Introduction - Renaissance to Enlightenment • 1300–1800

The Literature Book: Big Ideas Simply Explained - James Canton 2016

Renaissance to Enlightenment • 1300–1800

From the early 14th century, the cultural movement known as the Renaissance began to spread across Europe from the Italian city of Florence. It was marked by a change from medieval attitudes — which were dominated by the dogma of the Christian Church — to a far more humanist perspective that was inspired by a rediscovery of ancient Greek and Roman philosophy and culture. But this was more than a simple rebirth of classical ideas — the period was also a time of innovation.


The epic and the everyday

In literature, although inspiration came from classical style and forms, writers chose to work in vernacular languages, as opposed to Latin or Greek, and to create their own stories rather than retell those of the past. Among the first to write in this way was the Florentine poet Dante Alighieri, whose The Divine Comedy was not only an epic poetic journey through the afterlife but also served as an allegory for the contemporary world.

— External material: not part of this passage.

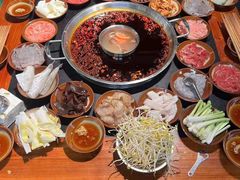 -李开心火锅馆(回兴店)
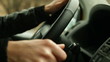 Shifting Driving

At the same time, other writers chose to turn away from the realm of epics and legends altogether, and focus on the lives, autonomy, and ingenuity of ordinary people. In The Decameron, published in 1353, Giovanni Boccaccio presented a collection of 100 “novellas” in prose in the Florentine vernacular. Shortly afterwards Geoffrey Chaucer wrote a similar collection of stories, The Canterbury Tales. Both works contained a variety of tales of everyday life — from love stories to moral parables. With their discussions of human vices, accounts of licentiousness, and bawdy practical jokes, they soon became popular reading.

The birth of the novel

In the 15th century, the invention of Gutenberg’s printing press hastened the spread of ideas, and this technology also made it easier to cater to audiences in vernacular languages. Popular demand for books had been stimulated in particular by the prose storytelling of Boccaccio and Chaucer. From these early stories emerged a form of literature as a long, prose narrative that is now ubiquitous, but was then very much “novel”.

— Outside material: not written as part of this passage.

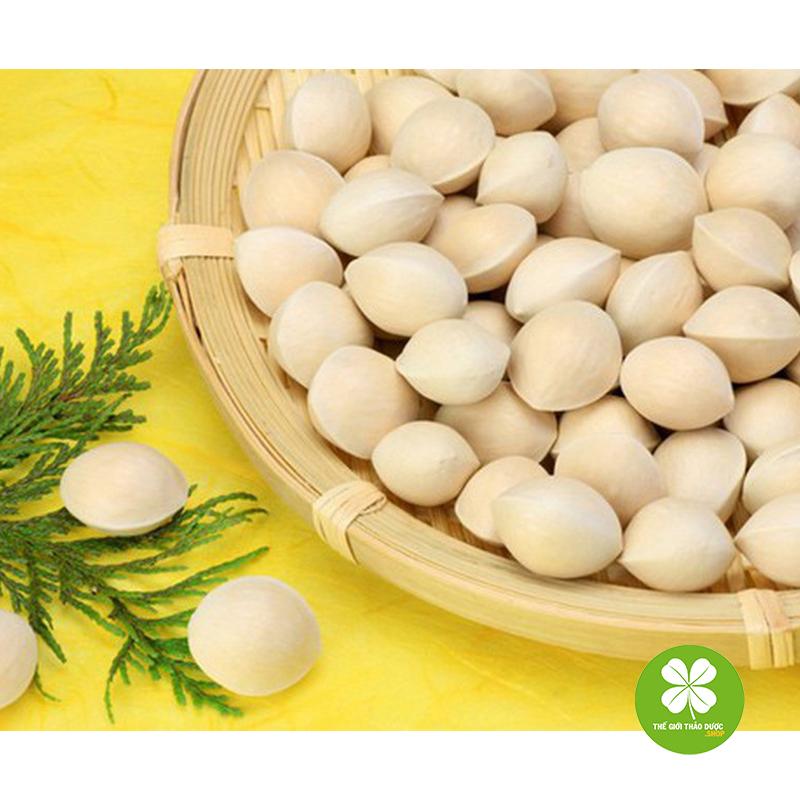 Bạch quả (gói 1kg) - TD113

During the 16th century, prose narratives gradually replaced the epic poem as the predominant literary form in most of Europe, and readers particularly responded to humorous stories, such as François Rabelais’ satirical adventures of Gargantua and Pantagruel. Miguel de Cervantes of Spain continued in this tradition, albeit with a gentler wit, in Don Quixote. However, Cervantes’ satire about chivalry has a more serious undercurrent, and rather than a hero, the eponymous knight is depicted as all too human. Don Quixote is often considered to be the first modern novel, or at least the first European novel — China’s four great classical novels and Japan’s The Tale of Genji were all written much earlier.

Life on stage and page

In England, the prose narrative took longer to capture popular attention. Poets such as Edmund Spenser and John Milton continued to reinterpret the epic poem, but it was the theatre that most attracted the public. The plays of Christopher Marlowe and Ben Jonson built on the ideas of Greek tragedy and comedy with their dramas, but even they were eclipsed by Shakespeare’s mastery of the form, which allowed him to depict very human characters in a catalogue of comedies, histories, and tragedies.

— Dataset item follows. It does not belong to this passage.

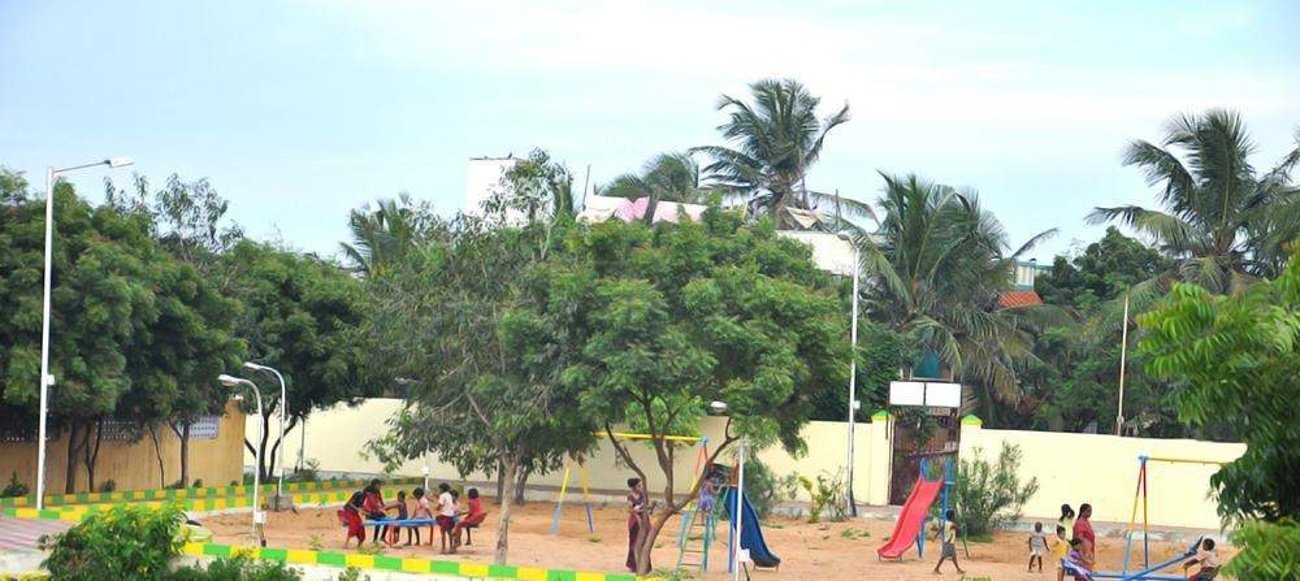 Images for Amenities of Annai Ananyaa Gardens Phase 2 Villas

Novels began to appear in England soon after Shakespeare, and rapidly overtook the theatre in popularity. From the start, English novelists such as Daniel Defoe and Henry Fielding presented believable characters in their novels, which contain vivid descriptions of time and place that give the works a degree of realism. Defoe’s Robinson Crusoe professes to be a “true” autobiographical account. Both Laurence Sterne’s comic Tristram Shandy and Jonathan Swift’s fantastical Gulliver’s Travels also use the autobiographical voice, but do so in ways that test the reader’s willingness to believe the narrator.

In 17th-century France, the theatre was also at the heart of literature, and was even more indebted to classical models than in England, with Jean Racine and Pierre Corneille striving to follow the “rules” of Greek drama. However, the public tended to call the tune, and it was Molière’s comedies of manners that seemed more in keeping with the times. Poking fun at the contemporary mores continued to be a part of the French literary scene in the 18th century, with Enlightenment philosophers such as Voltaire wittily satirizing the conventions of the establishment.